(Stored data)
┌────────

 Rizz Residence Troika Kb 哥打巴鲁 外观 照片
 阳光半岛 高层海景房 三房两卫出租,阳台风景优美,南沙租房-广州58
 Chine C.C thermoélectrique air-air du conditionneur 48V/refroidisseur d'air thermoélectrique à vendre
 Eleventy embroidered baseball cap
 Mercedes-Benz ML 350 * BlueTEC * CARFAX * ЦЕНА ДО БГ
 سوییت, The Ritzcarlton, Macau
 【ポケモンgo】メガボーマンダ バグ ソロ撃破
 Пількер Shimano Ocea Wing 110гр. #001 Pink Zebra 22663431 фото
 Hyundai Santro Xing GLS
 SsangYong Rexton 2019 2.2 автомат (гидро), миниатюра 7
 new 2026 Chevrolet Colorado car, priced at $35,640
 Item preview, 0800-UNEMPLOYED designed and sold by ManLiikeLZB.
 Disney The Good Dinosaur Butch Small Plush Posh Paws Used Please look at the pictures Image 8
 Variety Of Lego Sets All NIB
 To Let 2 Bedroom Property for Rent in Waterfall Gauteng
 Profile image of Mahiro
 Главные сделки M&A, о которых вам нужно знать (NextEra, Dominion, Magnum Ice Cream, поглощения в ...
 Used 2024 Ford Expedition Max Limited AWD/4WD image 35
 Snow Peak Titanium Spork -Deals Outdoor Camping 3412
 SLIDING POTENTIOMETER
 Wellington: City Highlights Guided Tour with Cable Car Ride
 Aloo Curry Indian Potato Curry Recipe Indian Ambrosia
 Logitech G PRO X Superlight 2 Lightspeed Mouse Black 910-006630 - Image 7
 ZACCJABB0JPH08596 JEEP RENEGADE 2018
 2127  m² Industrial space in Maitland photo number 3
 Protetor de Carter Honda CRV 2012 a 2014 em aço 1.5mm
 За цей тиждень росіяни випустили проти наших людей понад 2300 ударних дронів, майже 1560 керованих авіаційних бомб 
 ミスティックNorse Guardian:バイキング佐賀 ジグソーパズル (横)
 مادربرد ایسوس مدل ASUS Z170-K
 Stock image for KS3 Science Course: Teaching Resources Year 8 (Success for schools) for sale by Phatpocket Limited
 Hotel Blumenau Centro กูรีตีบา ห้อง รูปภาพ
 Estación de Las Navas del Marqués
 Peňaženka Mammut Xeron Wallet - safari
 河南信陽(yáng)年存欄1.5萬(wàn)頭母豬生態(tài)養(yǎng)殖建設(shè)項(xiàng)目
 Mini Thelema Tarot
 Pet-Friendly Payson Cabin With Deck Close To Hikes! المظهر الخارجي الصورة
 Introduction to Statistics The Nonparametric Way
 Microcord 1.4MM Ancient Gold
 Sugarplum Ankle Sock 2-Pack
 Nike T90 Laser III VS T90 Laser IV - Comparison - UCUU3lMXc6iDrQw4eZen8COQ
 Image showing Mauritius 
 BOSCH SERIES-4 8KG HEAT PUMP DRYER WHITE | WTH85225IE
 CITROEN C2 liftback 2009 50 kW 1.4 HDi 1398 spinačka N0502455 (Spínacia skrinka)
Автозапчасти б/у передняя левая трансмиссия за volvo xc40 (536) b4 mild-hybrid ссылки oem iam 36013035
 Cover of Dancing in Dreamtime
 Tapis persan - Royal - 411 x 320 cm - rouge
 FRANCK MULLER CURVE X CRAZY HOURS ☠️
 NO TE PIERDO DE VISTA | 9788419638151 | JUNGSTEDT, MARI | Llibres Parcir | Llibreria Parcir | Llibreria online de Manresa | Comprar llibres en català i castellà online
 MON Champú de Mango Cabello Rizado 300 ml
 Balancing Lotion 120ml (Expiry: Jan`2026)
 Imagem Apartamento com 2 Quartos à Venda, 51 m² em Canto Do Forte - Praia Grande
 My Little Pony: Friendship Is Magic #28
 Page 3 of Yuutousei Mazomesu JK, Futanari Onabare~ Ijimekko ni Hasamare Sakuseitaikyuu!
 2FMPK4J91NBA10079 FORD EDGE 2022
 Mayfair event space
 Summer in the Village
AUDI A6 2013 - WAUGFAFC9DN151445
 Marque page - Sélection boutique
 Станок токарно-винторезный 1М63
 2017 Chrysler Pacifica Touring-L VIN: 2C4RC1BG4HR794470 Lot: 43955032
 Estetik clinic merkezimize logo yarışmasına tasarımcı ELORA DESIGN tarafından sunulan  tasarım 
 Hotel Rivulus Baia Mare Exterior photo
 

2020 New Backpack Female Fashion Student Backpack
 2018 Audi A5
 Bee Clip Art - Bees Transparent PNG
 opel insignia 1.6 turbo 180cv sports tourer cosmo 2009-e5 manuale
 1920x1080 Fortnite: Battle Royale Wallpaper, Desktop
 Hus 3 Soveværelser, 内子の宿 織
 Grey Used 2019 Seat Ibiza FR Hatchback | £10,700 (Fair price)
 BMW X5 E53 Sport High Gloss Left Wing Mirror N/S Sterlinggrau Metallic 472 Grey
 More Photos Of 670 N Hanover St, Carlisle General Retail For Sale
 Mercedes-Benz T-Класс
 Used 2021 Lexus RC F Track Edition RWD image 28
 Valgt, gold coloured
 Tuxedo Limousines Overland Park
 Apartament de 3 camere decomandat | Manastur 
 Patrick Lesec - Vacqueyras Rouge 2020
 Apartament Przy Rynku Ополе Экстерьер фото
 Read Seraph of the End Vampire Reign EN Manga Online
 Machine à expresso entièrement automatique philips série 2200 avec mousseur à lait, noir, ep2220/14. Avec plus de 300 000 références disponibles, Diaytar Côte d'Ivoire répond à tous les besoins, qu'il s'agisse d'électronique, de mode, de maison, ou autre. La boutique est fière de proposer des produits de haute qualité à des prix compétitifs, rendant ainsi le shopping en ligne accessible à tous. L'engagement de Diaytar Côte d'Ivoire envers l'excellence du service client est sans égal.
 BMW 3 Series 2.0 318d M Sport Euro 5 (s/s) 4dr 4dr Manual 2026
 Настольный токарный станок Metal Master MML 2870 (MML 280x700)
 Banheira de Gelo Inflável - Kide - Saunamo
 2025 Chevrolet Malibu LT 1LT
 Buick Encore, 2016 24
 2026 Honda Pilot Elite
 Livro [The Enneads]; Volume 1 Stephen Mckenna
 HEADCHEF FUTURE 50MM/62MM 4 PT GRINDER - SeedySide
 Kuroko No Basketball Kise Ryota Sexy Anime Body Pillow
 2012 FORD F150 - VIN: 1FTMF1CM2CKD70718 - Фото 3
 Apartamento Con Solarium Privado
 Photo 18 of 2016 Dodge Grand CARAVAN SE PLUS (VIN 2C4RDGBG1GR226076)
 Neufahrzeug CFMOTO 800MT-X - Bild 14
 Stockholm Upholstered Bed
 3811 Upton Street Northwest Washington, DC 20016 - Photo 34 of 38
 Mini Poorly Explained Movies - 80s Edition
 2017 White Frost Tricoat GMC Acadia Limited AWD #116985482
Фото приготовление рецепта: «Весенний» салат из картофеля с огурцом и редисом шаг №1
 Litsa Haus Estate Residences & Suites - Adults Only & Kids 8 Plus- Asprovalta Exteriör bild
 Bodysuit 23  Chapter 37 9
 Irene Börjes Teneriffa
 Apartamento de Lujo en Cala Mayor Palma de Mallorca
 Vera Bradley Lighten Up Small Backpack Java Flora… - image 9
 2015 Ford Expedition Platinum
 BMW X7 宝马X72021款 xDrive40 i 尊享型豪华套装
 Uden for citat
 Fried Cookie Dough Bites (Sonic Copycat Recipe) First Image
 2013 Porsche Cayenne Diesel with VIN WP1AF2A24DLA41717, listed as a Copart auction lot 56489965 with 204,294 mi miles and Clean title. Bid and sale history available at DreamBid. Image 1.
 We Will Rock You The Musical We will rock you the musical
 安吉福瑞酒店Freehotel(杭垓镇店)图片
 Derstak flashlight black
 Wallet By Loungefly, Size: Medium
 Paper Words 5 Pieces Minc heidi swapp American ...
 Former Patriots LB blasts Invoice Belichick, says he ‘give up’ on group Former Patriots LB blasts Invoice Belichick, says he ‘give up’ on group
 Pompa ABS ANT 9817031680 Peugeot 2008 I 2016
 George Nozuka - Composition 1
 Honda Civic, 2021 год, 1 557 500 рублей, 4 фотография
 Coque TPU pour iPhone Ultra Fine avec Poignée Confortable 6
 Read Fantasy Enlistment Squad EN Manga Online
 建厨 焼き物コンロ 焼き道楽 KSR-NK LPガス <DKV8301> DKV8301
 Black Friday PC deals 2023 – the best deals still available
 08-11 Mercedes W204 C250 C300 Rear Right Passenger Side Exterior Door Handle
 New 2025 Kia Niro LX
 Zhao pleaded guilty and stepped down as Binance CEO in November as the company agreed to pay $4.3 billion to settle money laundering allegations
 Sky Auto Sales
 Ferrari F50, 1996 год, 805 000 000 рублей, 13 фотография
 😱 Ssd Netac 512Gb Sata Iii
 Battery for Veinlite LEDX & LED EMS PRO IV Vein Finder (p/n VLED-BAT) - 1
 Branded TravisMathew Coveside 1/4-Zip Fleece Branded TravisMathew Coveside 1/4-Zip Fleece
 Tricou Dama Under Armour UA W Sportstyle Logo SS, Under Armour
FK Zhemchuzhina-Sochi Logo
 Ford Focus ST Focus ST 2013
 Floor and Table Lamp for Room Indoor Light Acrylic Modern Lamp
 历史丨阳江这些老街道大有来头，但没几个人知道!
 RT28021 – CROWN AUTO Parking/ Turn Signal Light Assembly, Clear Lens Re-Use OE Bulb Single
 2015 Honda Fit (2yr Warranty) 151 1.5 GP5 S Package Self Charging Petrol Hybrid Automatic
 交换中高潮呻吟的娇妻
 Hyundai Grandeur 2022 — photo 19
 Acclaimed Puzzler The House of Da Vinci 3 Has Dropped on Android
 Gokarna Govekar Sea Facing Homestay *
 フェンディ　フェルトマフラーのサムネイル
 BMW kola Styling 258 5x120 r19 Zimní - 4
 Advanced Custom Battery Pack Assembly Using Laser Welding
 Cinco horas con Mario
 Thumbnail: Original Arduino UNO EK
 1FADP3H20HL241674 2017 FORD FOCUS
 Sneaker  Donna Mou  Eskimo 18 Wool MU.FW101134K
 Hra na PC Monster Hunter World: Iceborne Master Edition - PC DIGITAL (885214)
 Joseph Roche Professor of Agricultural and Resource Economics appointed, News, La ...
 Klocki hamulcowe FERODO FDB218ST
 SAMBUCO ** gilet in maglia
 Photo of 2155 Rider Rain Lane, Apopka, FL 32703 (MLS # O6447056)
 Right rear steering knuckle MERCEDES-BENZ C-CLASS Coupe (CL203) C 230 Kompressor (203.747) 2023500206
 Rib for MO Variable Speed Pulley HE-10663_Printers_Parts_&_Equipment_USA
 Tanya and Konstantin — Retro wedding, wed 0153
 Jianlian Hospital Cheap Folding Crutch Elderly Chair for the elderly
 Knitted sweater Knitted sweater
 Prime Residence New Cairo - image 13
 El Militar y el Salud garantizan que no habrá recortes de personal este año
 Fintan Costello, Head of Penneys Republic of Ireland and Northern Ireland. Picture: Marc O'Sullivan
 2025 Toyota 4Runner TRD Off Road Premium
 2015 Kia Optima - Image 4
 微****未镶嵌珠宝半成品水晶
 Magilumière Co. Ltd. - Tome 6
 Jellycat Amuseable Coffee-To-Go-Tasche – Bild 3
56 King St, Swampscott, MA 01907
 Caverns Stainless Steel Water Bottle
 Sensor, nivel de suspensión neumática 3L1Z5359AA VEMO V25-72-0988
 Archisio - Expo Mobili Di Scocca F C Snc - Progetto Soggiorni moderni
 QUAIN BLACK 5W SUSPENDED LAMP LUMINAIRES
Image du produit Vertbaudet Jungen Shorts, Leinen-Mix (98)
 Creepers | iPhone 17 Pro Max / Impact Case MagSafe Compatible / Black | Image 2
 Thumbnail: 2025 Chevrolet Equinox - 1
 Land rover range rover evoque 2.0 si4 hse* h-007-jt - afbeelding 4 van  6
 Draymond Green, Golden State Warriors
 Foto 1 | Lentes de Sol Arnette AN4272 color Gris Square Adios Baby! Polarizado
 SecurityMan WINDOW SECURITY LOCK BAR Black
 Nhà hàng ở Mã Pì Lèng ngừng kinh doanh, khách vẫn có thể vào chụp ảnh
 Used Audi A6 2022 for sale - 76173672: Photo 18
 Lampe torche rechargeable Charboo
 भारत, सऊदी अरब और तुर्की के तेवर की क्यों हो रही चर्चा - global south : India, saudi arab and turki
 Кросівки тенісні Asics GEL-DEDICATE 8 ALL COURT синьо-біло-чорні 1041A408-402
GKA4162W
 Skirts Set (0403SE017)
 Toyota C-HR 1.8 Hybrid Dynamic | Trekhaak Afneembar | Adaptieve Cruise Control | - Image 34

└────────

- _TASK TO CARRY OUT_
When the line with "Estación de Las Navas del Marqués" is reached in the data above, begin copying, and stop after the line with "BMW X5 E53 Sport"; copy each line exactly, both ends included.

- _WRITTEN ANSWER_
 Estación de Las Navas del Marqués
 Peňaženka Mammut Xeron Wallet - safari
 河南信陽(yáng)年存欄1.5萬(wàn)頭母豬生態(tài)養(yǎng)殖建設(shè)項(xiàng)目
 Mini Thelema Tarot
 Pet-Friendly Payson Cabin With Deck Close To Hikes! المظهر الخارجي الصورة
 Introduction to Statistics The Nonparametric Way
 Microcord 1.4MM Ancient Gold
 Sugarplum Ankle Sock 2-Pack
 Nike T90 Laser III VS T90 Laser IV - Comparison - UCUU3lMXc6iDrQw4eZen8COQ
 Image showing Mauritius 
 BOSCH SERIES-4 8KG HEAT PUMP DRYER WHITE | WTH85225IE
 CITROEN C2 liftback 2009 50 kW 1.4 HDi 1398 spinačka N0502455 (Spínacia skrinka)
Автозапчасти б/у передняя левая трансмиссия за volvo xc40 (536) b4 mild-hybrid ссылки oem iam 36013035
 Cover of Dancing in Dreamtime
 Tapis persan - Royal - 411 x 320 cm - rouge
 FRANCK MULLER CURVE X CRAZY HOURS ☠️
 NO TE PIERDO DE VISTA | 9788419638151 | JUNGSTEDT, MARI | Llibres Parcir | Llibreria Parcir | Llibreria online de Manresa | Comprar llibres en català i castellà online
 MON Champú de Mango Cabello Rizado 300 ml
 Balancing Lotion 120ml (Expiry: Jan`2026)
 Imagem Apartamento com 2 Quartos à Venda, 51 m² em Canto Do Forte - Praia Grande
 My Little Pony: Friendship Is Magic #28
 Page 3 of Yuutousei Mazomesu JK, Futanari Onabare~ Ijimekko ni Hasamare Sakuseitaikyuu!
 2FMPK4J91NBA10079 FORD EDGE 2022
 Mayfair event space
 Summer in the Village
AUDI A6 2013 - WAUGFAFC9DN151445
 Marque page - Sélection boutique
 Станок токарно-винторезный 1М63
 2017 Chrysler Pacifica Touring-L VIN: 2C4RC1BG4HR794470 Lot: 43955032
 Estetik clinic merkezimize logo yarışmasına tasarımcı ELORA DESIGN tarafından sunulan  tasarım 
 Hotel Rivulus Baia Mare Exterior photo
 

2020 New Backpack Female Fashion Student Backpack
 2018 Audi A5
 Bee Clip Art - Bees Transparent PNG
 opel insignia 1.6 turbo 180cv sports tourer cosmo 2009-e5 manuale
 1920x1080 Fortnite: Battle Royale Wallpaper, Desktop
 Hus 3 Soveværelser, 内子の宿 織
 Grey Used 2019 Seat Ibiza FR Hatchback | £10,700 (Fair price)
 BMW X5 E53 Sport High Gloss Left Wing Mirror N/S Sterlinggrau Metallic 472 Grey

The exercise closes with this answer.